Here’s my question for you experienced “Moms of potty training”: am I supposed to save the underwear that have *bad* accidents? I thought about scraping the poo off cloth diaper style then washing it, for about a second until I realized this wasn’t just some toddler skid mark. Then I said  HELL NO and threw them away in the diaper genie. I’d love to know if I’m the only one throwing those things away… maybe I should be washing them? Ew- the things a Mom does.


  1. says

    Honestly when we were potty training, we throw out a ton of underwear. If it was visibly soiled, I was usually inclined to just throw it away. That being said, it adds up in expense for buying underwear.

  2. says

    Our first attempt, she ruined 4 out of 7 pairs in the pack. Like, I didn’t even consider cleaning them, just threw them away. When it came time for our 2nd attempt (the SERIOUS time), I bought her a new pack of 7 pairs and we only lost one. 2 or 3 were marked, but I was able to wash them out with no effort (I don’t do effort). I think it depends on your budget and gross-out factor. My daughter has only been a master for a couple months, if I’m remembering correctly, she was 3 years 9 months thanks to laissez faire, a new baby, etc. ;)

  3. says

    I threw away a pretty pair of Dora undies today. The opposite sex can certainly do some damage to cute panties just as easily as Jackson did ;)

    I went on a case by case basis with Mason (but there were only two so if there had been a billion I might have changed my mind) if it was *TMI WARNING* a solid enough poop that I could dump it into the toilet and leave the underwear mostly stain/poop free, I did it and washed… if it was all out smooshed toddler poop in the underwear that needed a fire hose to get it off the underwear? I figured I’d go ahead and save myself the agony and suck up the $1 I paid for those undies and tossed them. The good news is, now that Mason IS totally potty trained, we have an abundance of underwear even after tossing a couple.

  4. says

    Girl, I feel for you. I stressed out way too much about potty training my first born. All I can say is: 1) Buy the cheapest underwear possible so you don’t feel bad throwing out the poopy ones. 2) KNOW that they WILL be trained by the time they reach junior high, so it will happen. 3) Some kids don’t respond to stickers or lollipops or M&Ms. They do it in their own way. Maybe it’s OFF the potty and OUTof the house rewards for them. Like a fro yo or donut with mom. Remember, this too shall pass.

  5. says

    Thinking about potty training stresses me out. My daughter is 28 months and my way of potty training her right now is to just have her tell me when she needs a diaper change. She still has no clue that she needs to pee or poop on the potty. She’ll just keep sitting on it, (which she likes to do), flush her little Elmo toilet, wash her hands and leave the room.
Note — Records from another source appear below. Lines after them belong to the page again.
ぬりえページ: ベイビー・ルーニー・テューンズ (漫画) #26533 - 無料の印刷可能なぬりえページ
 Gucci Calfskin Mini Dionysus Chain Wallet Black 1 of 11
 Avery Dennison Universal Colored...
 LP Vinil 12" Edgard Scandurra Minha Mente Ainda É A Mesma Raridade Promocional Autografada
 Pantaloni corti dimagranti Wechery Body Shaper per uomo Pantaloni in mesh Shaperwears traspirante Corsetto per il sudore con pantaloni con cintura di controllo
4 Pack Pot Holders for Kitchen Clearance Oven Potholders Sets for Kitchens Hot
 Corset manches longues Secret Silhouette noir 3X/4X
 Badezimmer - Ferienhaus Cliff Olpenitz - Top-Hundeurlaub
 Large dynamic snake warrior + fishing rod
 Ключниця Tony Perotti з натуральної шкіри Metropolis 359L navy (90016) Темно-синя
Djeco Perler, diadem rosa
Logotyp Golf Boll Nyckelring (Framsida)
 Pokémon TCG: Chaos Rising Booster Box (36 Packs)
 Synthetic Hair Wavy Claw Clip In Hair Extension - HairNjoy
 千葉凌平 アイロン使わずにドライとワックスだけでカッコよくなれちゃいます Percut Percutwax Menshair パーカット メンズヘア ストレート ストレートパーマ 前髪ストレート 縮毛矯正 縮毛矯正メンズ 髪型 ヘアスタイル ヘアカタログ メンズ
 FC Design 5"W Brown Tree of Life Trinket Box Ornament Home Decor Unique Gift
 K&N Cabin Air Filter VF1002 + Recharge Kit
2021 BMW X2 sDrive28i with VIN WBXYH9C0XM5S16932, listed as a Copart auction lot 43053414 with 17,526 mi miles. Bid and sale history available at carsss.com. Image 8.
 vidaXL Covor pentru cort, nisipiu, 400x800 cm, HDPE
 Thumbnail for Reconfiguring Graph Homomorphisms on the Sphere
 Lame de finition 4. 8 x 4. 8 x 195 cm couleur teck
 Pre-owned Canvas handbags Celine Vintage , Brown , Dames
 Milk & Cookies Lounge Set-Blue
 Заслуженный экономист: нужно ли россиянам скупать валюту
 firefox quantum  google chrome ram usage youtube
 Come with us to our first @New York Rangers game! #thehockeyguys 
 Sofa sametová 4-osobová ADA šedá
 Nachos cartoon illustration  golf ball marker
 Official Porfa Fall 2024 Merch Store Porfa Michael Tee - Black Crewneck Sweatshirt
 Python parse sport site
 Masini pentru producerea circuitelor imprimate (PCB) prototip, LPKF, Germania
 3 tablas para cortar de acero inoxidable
It’s cute, but I’m like ‘Ummm, didn’t you forget to do something?!’ You’re doing great, I swear I think just one day kids get it right? Yours is coming soon, I feel it!

  6. says

    The first piece of potty training advice my mom gave me when I started potty training my son was to just throw away the underwear when he poops in it. I have saved a couple that I could just easily dump and throw right in the washing machine, however. Getting him to poop on the potty was honestly the hardest part and it took a lot of catching him in the action and getting him on the toilet to make it happen. Good luck!

  7. says

    Potty training can be an exhausting experience for parents and believe me even though my four are now in their forties – I still remember those days. The first one was hardest – but the younger boys just copied their elder brother. My daughter took the longest to convert and kept questioning why she didn’t have the same equipment as her brothers after repeatedly trailing after them to their disgust. But the good news is – We got there in the end.